/---
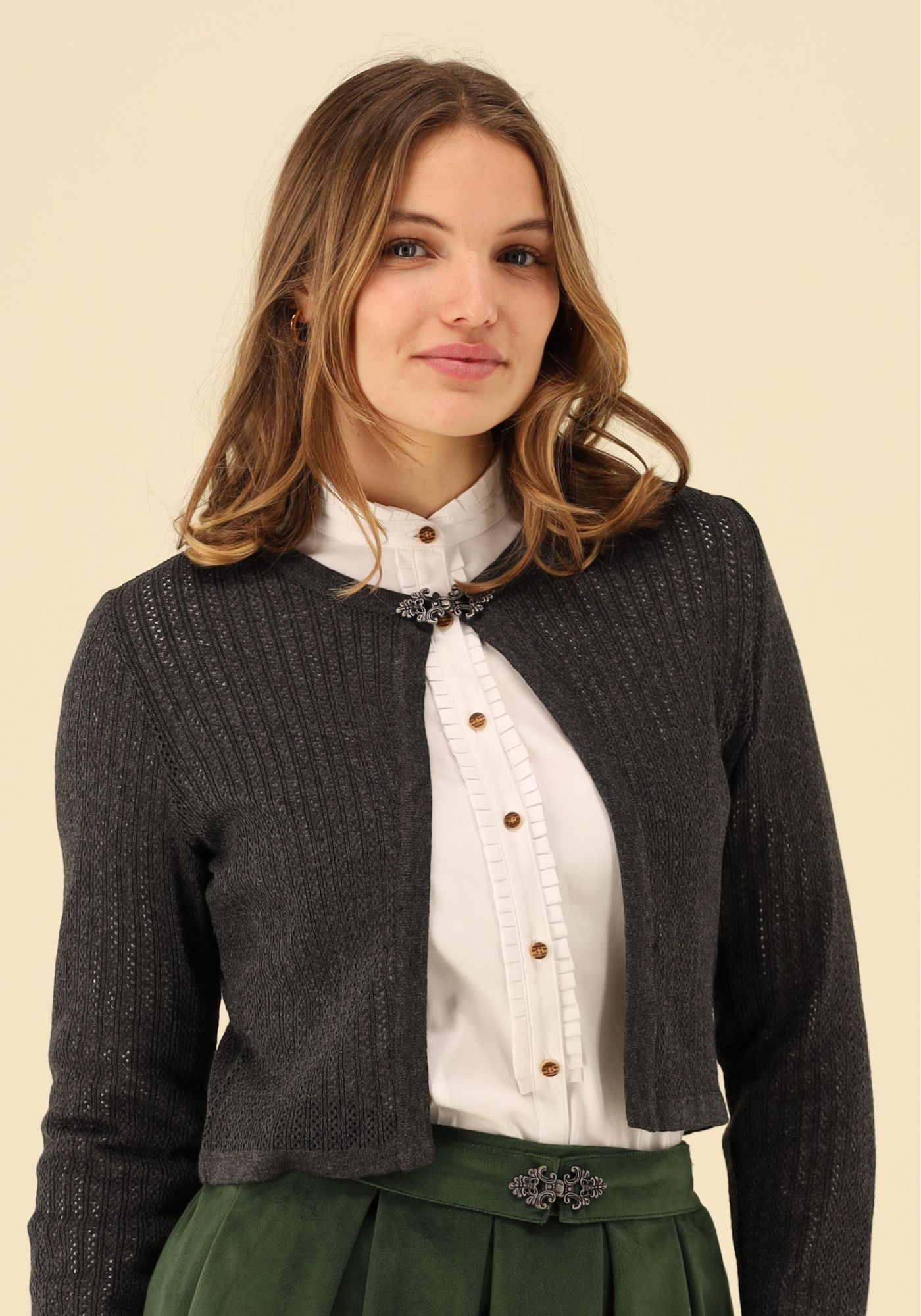 Gipfelstürmer Strickjacke Tailliert, kurz geschnitten Kamit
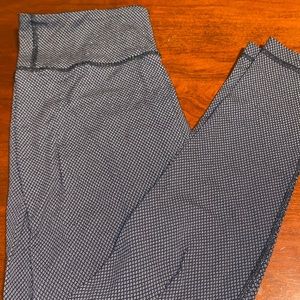 Lulu leggings 😊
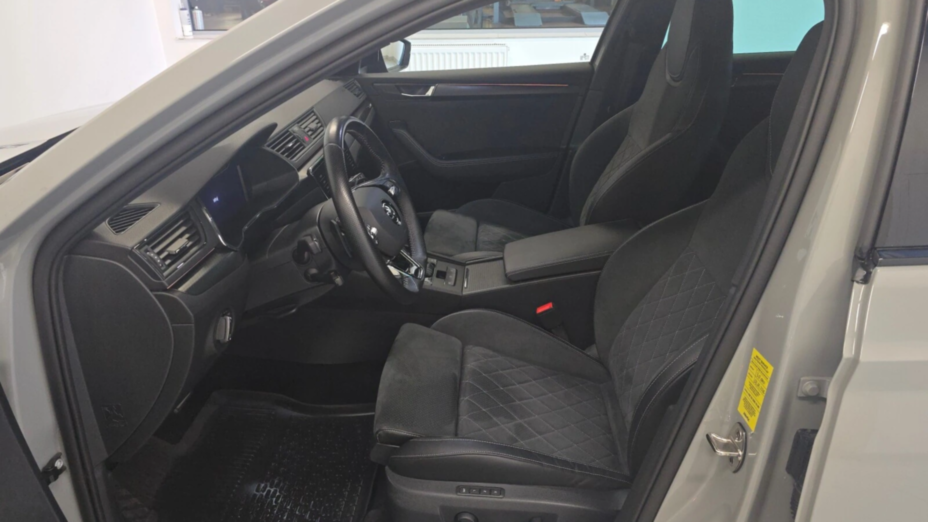 SKODA Superb Superb 2.0 TDI SCR 4x4 Sportline DSG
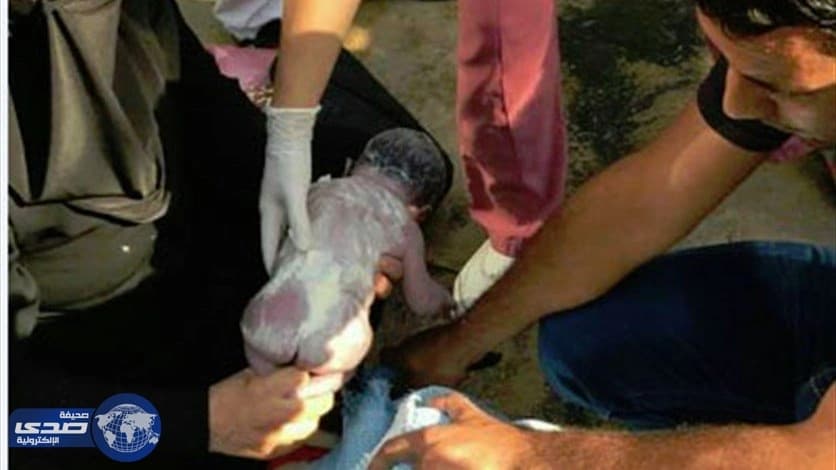 سوريّة تٌنجب ابنها على باب مستشفى لبنانيّ عقب منعها من الدخول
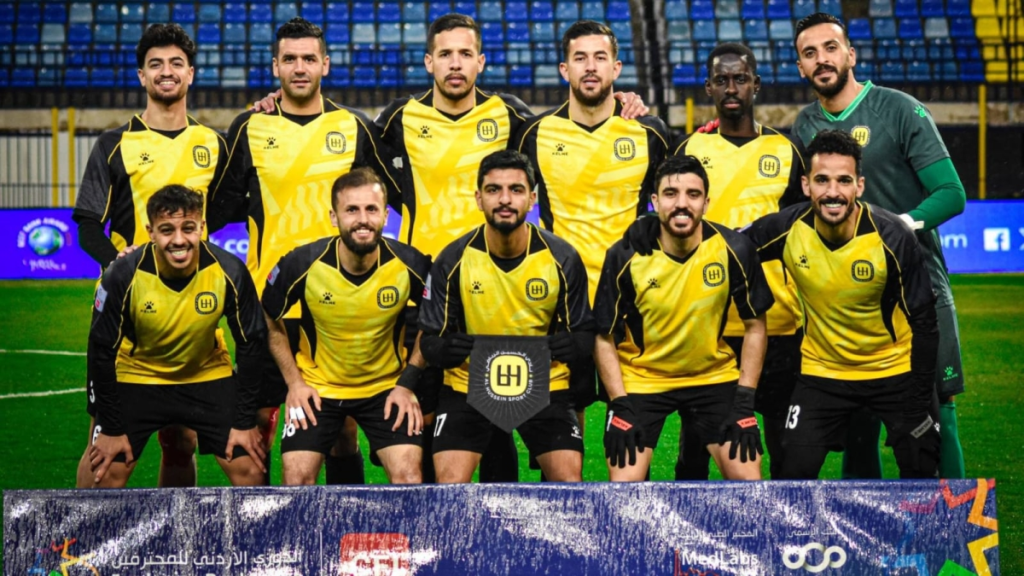 الدوري ولع).... وسلامي يراقب...و التحكيم...؟!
\---
PROBLEM DETAILS: Would you return the records exactly as written, minus any image?

ANSWER TO THIS EXERCISE:
 Gipfelstürmer Strickjacke Tailliert, kurz geschnitten Kamit
 Lulu leggings 😊
 SKODA Superb Superb 2.0 TDI SCR 4x4 Sportline DSG
 سوريّة تٌنجب ابنها على باب مستشفى لبنانيّ عقب منعها من الدخول
 الدوري ولع).... وسلامي يراقب...و التحكيم...؟!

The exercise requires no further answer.